### WHAT YOU SHOULD DO
Please set down exactly the lines from the one that contains "Simon Says Stamp" through the end of the material, leaving out every picture.

[Opening RECORDED INFORMATION section]

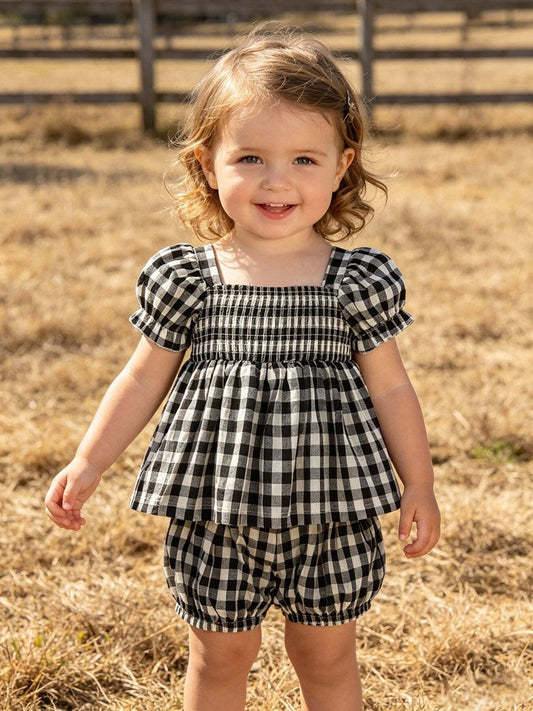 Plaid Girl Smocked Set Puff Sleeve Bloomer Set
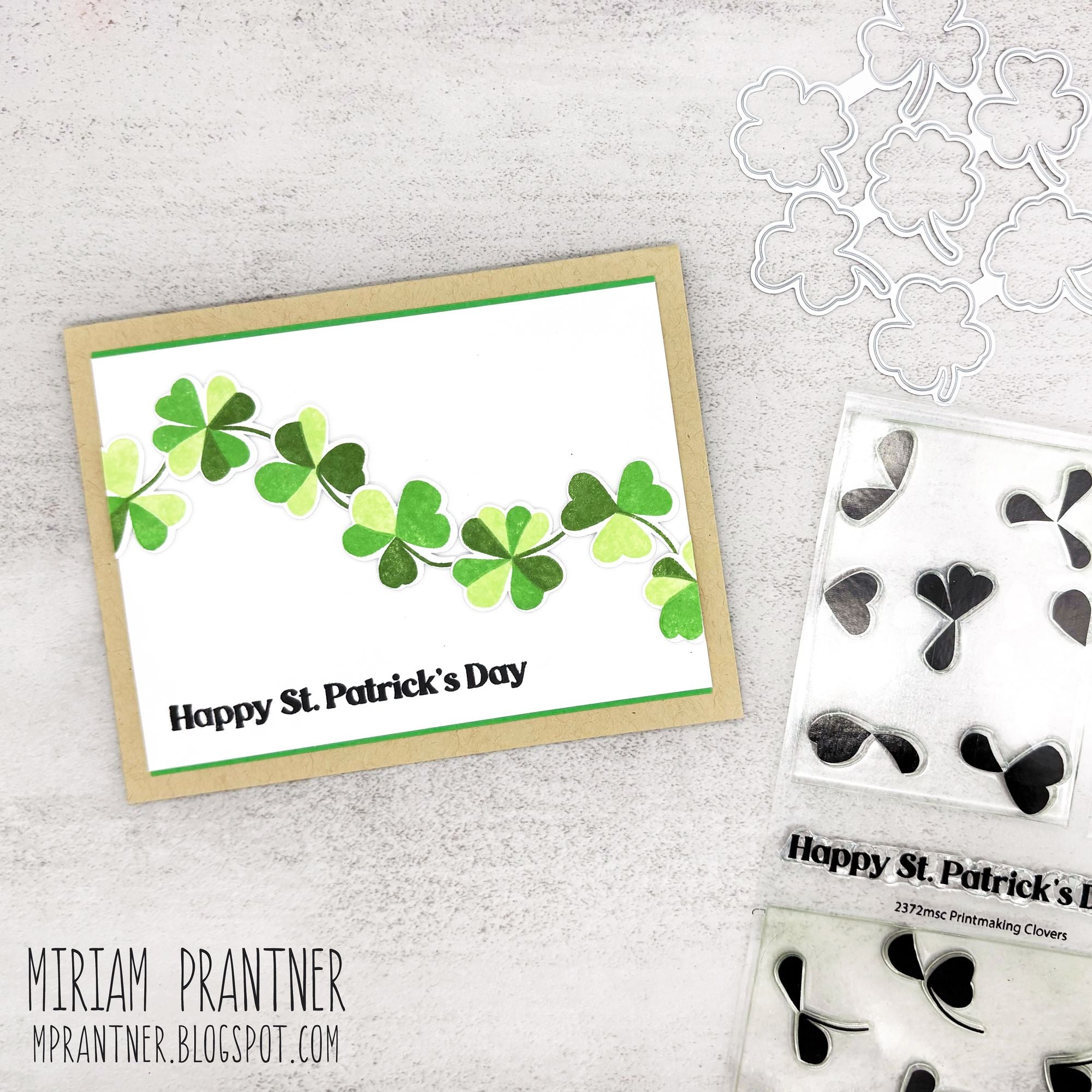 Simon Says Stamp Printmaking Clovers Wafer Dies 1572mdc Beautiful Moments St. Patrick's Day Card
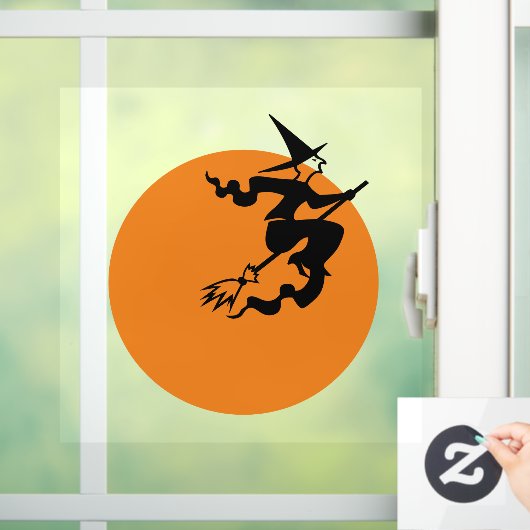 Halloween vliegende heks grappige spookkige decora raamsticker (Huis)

[Closing RECORDED INFORMATION section]

### EXERCISE RESULT
 Simon Says Stamp Printmaking Clovers Wafer Dies 1572mdc Beautiful Moments St. Patrick's Day Card
 Halloween vliegende heks grappige spookkige decora raamsticker (Huis)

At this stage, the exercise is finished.